Re: CEPH Version choice

Frank Schilder <frans@xxxxxx> · Mon, 15 May 2023 15:53:45 +0000

Hi all, to avoid a potentially wrong impression I would like to add some words.

Slightly out of order:

> By the way, regarding performance I recommend the Cephalocon
> presentations by Adam and Mark. There you can learn what efforts are
> made to improve ceph performance for current and future versions.

For me personally the ceph performance degradation due to removing the WAL re-use is not a problem as it is predictable and the reasons for removing it are solid. A bit more worrying is the degradation over time and I know that there is work spent on it and it is expensive to debug, because collecting data takes so long. I mentioned performance mainly because there was at least one other user who explicitly called this a show-stopper.

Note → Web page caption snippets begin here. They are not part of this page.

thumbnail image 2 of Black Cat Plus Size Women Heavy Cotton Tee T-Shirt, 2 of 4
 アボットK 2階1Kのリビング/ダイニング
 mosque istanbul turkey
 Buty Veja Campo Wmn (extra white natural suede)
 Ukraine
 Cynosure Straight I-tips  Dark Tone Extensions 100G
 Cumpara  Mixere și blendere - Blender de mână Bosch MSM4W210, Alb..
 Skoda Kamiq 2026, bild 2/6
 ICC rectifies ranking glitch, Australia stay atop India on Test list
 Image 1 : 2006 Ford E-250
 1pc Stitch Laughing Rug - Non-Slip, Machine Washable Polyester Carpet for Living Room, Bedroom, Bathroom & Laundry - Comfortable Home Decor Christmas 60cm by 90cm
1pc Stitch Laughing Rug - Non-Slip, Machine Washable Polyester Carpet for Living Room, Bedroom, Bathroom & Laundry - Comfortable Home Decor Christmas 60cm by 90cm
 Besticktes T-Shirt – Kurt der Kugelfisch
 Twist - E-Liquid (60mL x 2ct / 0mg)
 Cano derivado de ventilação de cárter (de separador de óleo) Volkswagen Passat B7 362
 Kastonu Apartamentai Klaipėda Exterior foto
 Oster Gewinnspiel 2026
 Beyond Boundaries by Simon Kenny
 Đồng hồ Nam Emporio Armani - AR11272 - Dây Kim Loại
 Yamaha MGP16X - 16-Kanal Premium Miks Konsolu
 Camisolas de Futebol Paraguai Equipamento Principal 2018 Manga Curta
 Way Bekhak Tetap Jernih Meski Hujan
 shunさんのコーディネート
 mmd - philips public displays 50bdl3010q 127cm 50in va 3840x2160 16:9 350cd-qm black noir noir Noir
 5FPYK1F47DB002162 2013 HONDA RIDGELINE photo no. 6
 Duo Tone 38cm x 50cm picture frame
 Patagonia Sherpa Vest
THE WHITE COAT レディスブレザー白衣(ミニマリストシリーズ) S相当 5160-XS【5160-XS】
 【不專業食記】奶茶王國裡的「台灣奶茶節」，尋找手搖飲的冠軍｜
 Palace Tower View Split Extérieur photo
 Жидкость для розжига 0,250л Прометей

I appreciate the effort put into this and am not complaining about a lack of effort. What I am complaining about is that this effort is under unnecessary pressure due to the short release cadence. 2 years are not much to mature for a system like ceph and starting to count with the .2 release seems a bit premature given recent experience.

> I know the problems that Frank has raised. However, it should also be
> mentioned that many critical bugs have been fixed in the major versions.
> We are working on the fixes ourselves.

Again, I know all this and I very much appreciate it. I still consider the voluntary ceph support as better than support we got for enterprise systems. I got a lot of invaluable help from Igor during my upgrade experience and I got some important stuff fixed by Xiubo recently. Just to repeat it though, I am convinced one could reach much higher maturity with less time pressure - and maybe less often forget this one critical PR that causes so much trouble for some users.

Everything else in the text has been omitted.